**WHAT YOU SHOULD DO**: Would you repeat word for word the lines of the listing that follows, from the one with "AradGoch's tweet photo." up to and including the one with "Das Android Balloon", and leave out the images?

**EXERCISE MATERIALS**:
■ ■ ■ ■ ■ ■ ■

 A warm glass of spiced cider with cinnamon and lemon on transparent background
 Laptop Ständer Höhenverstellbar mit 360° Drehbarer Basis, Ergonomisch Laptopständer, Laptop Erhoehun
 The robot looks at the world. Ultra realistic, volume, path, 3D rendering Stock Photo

■ ■ ■ ■ ■ ■ ■

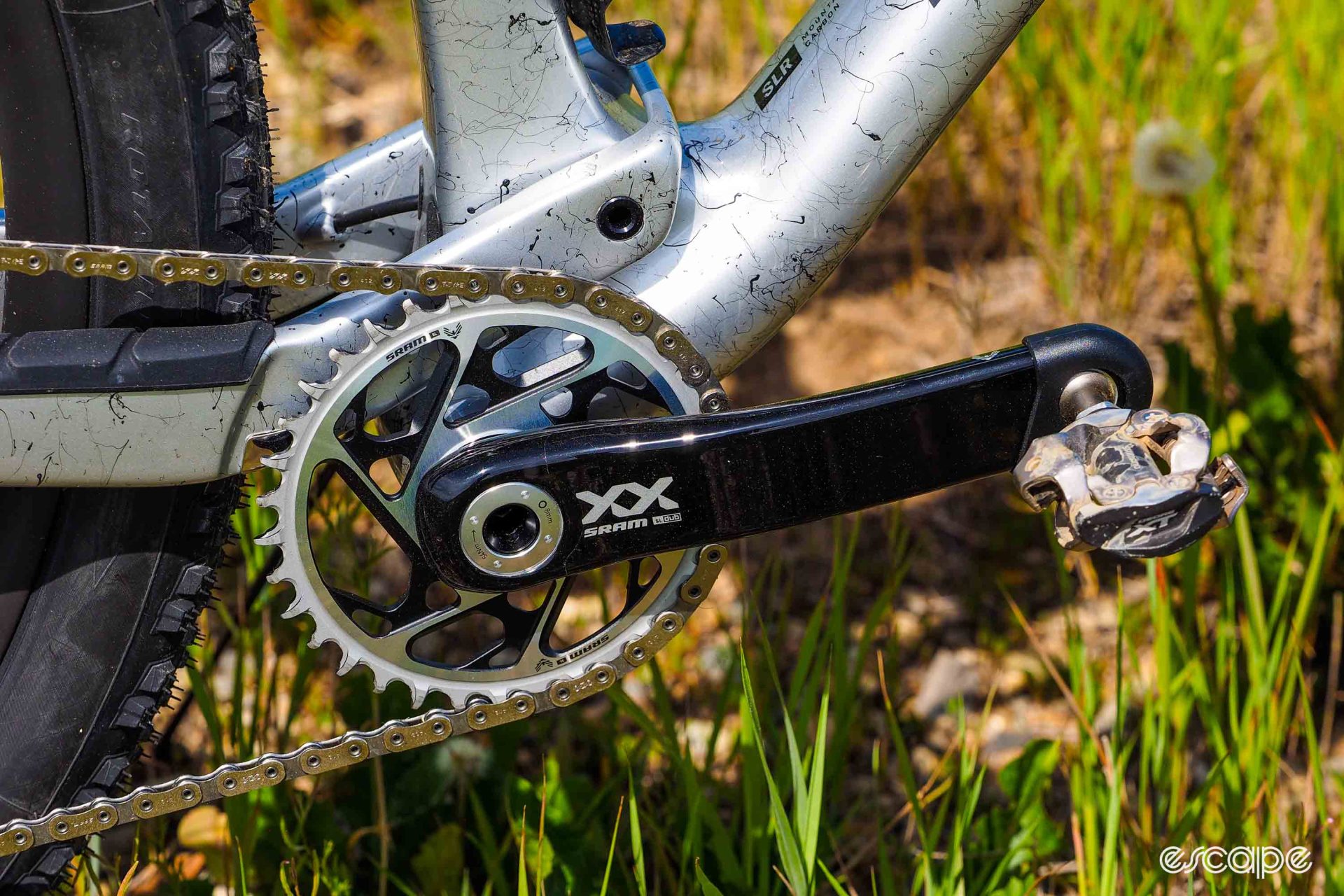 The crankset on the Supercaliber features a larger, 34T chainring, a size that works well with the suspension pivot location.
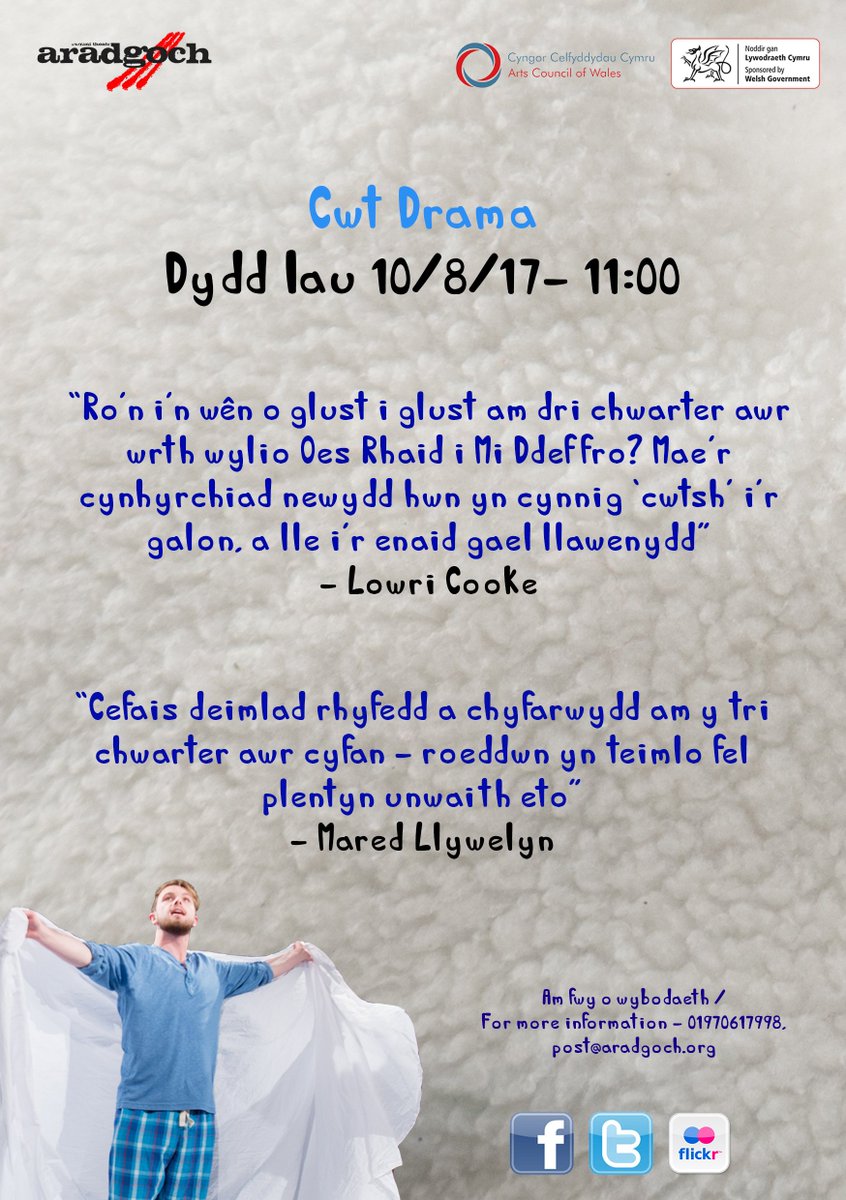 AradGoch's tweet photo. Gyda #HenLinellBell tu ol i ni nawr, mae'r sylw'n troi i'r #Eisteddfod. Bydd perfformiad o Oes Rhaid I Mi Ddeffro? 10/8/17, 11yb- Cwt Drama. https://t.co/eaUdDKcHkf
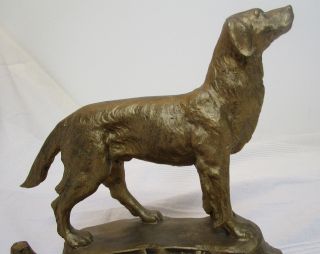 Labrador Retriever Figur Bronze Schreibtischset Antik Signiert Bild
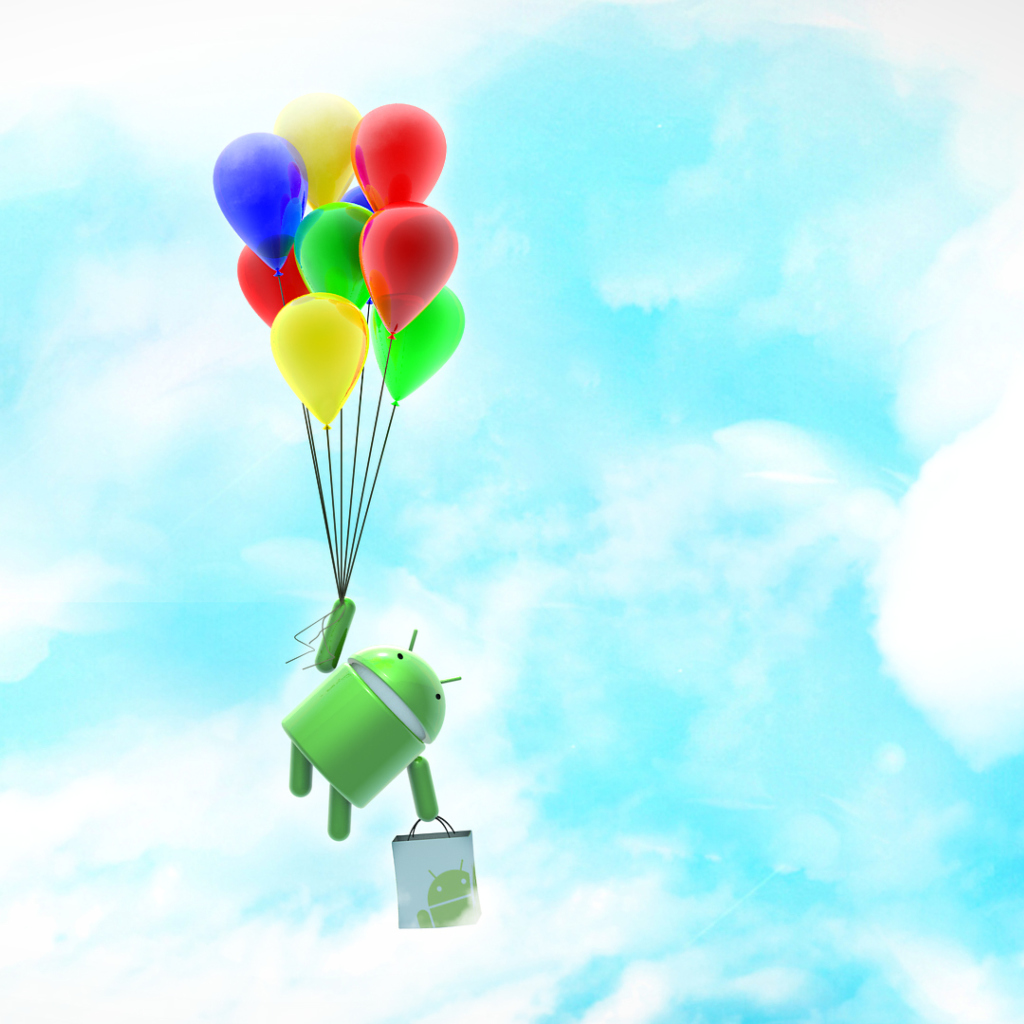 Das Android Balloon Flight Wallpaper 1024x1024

■ ■ ■ ■ ■ ■ ■

**WRITTEN SOLUTION**:
 AradGoch's tweet photo. Gyda #HenLinellBell tu ol i ni nawr, mae'r sylw'n troi i'r #Eisteddfod. Bydd perfformiad o Oes Rhaid I Mi Ddeffro? 10/8/17, 11yb- Cwt Drama. https://t.co/eaUdDKcHkf
 Labrador Retriever Figur Bronze Schreibtischset Antik Signiert Bild
 Das Android Balloon Flight Wallpaper 1024x1024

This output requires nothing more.